In fact, he used to joke that he had “found the only international climate policy job that didn’t require going to Cop because fossil fuels would never be a thing there”.
But become a thing they have. When Cop18 was held in Gulf oil and gas producer Qatar in 2012, the IISD think tank’s 28,000-word summary only mentioned fossil fuels once.
Asked why fossil fuels had gone from the fringes to the centre of negotiations, experts cited numerous reasons, which all worked together to build momentum over the years.
They referred to the falling cost of renewables, the mounting climate impacts, the interventions from authoritative mainstream voices, the tireless campaigning of the Pacific islands and civil society, and a healthy dose of good fortune.

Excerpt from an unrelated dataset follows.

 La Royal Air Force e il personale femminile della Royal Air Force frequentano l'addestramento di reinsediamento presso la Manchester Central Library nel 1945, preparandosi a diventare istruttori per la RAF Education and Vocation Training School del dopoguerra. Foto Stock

Fossil fuels weren’t always absent though. Right at the start of climate talks, in 1992, the United Nations Framework Convention on Climate Change (UNFCCC), mentions them. Although it does not condemn them, it implies they have got to go or, at least, be reduced.

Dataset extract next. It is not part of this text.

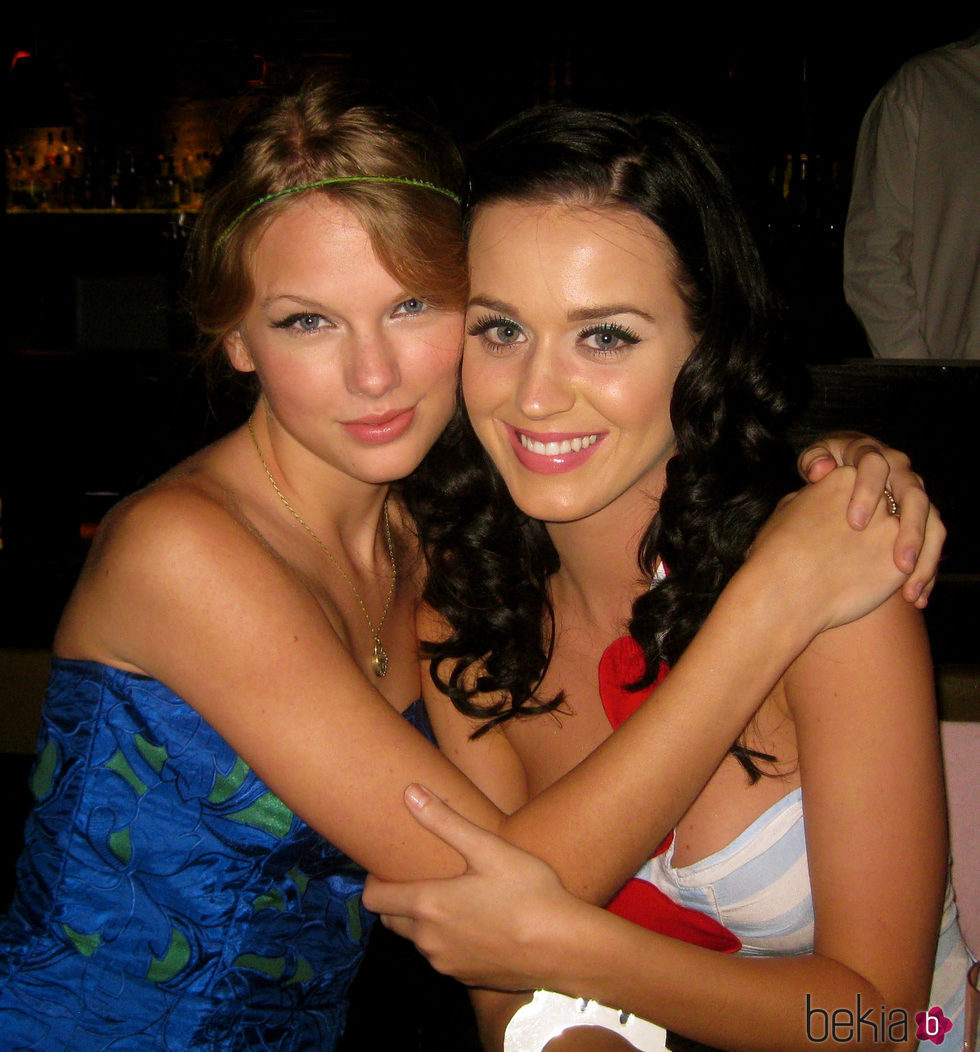 Taylor Swift abrazando a Katy Perry en 2009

It does this by recognising the “special difficulties of those countries, especially developing countries, whose economies are particularly dependent on fossil fuel production, use and exportation, as a consequence of action taken on limiting greenhouse gas emissions”.
But after governments signed this landmark text, they gathered every year at a Cop for a quarter of a century without any of their agreements mentioning the need to reduce fossil fuels again.
Asked why, Joanna Depledge, who studies climate talks at Cambridge University, said fossil fuels had been actively kept outside the process, predominately by the Opec cartel of oil producers – Saudi Arabia, in particular – and by the USA.
She said Opec, the Saudis and others wanted, as they still do, to talk about emissions in general rather than particular sources of emissions like fossil fuels.
For a long time “there wasn’t much questioning of that,” she said, “because the so-called comprehensive approach was seen as a good thing”. “There’s also an aversion to policy prescription in the climate change regime,” she added, “apart from the EU and the vulnerables, countries don’t like an international regime telling them what to do in particular sectors”.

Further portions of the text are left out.